*** Data excerpt Section Begins ***

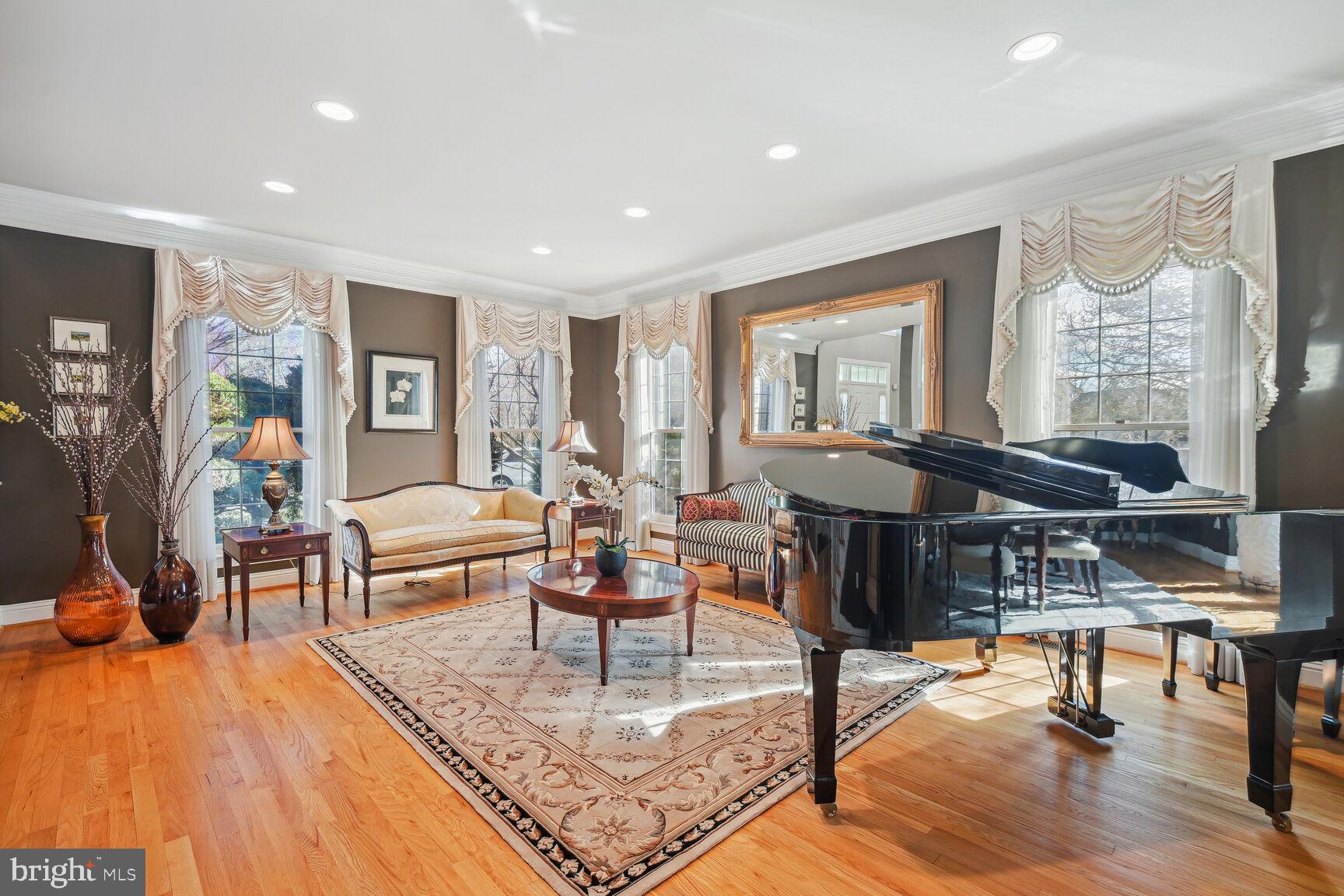 POTOMAC GLEN - Residential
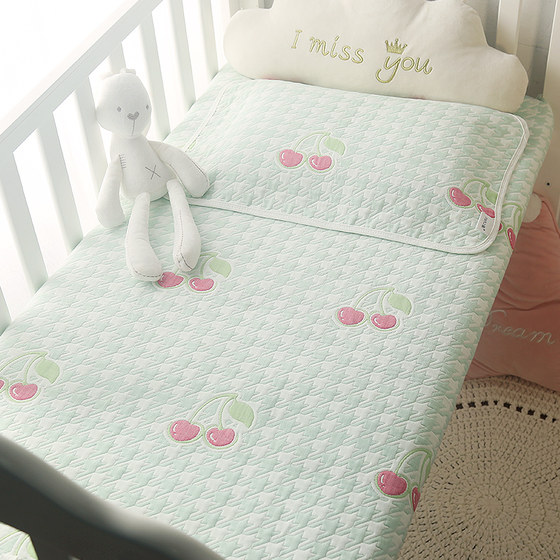 Class A pure cotton thickened baby newborn bed sheet sweat-absorbent and breathable kindergarten spring, summer, autumn and winter baby air conditioning
Class A pure cotton thickened baby newborn bed sheet sweat-absorbent and breathable kindergarten spring, summer, autumn and winter baby air conditioning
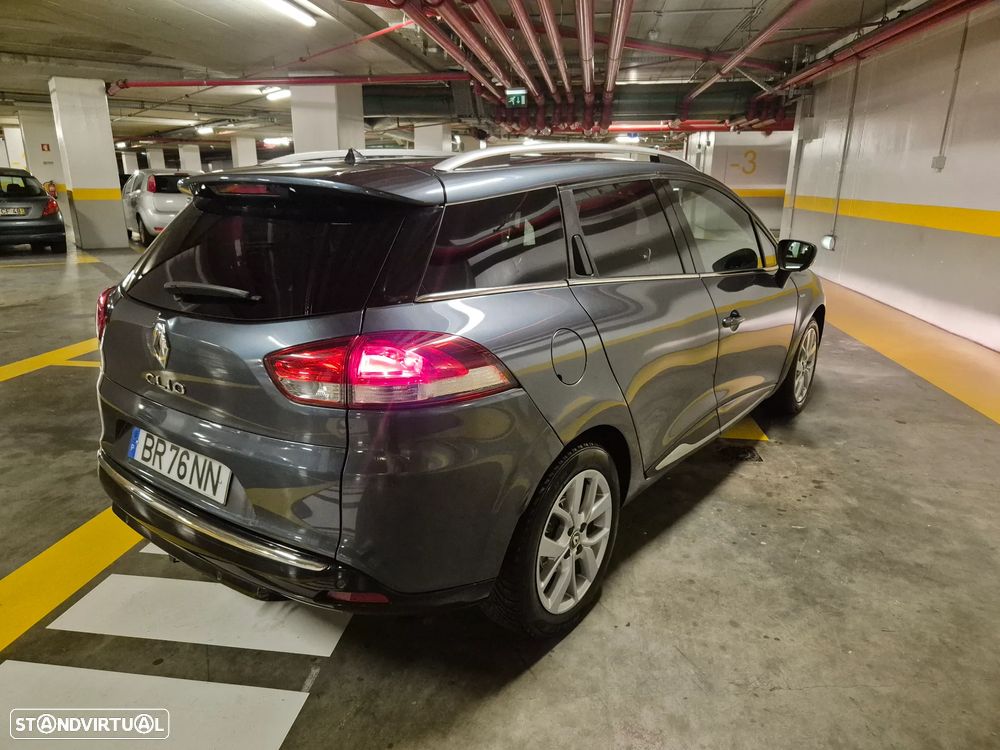 Renault Clio Sport Tourer dCi 90 Limited - 11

*** Data excerpt Section Ends ***

## Work item
An exact repeat of all the data is required, pictures excluded.

## Answer box
 POTOMAC GLEN - Residential
 Class A pure cotton thickened baby newborn bed sheet sweat-absorbent and breathable kindergarten spring, summer, autumn and winter baby air conditioning
Class A pure cotton thickened baby newborn bed sheet sweat-absorbent and breathable kindergarten spring, summer, autumn and winter baby air conditioning
 Renault Clio Sport Tourer dCi 90 Limited - 11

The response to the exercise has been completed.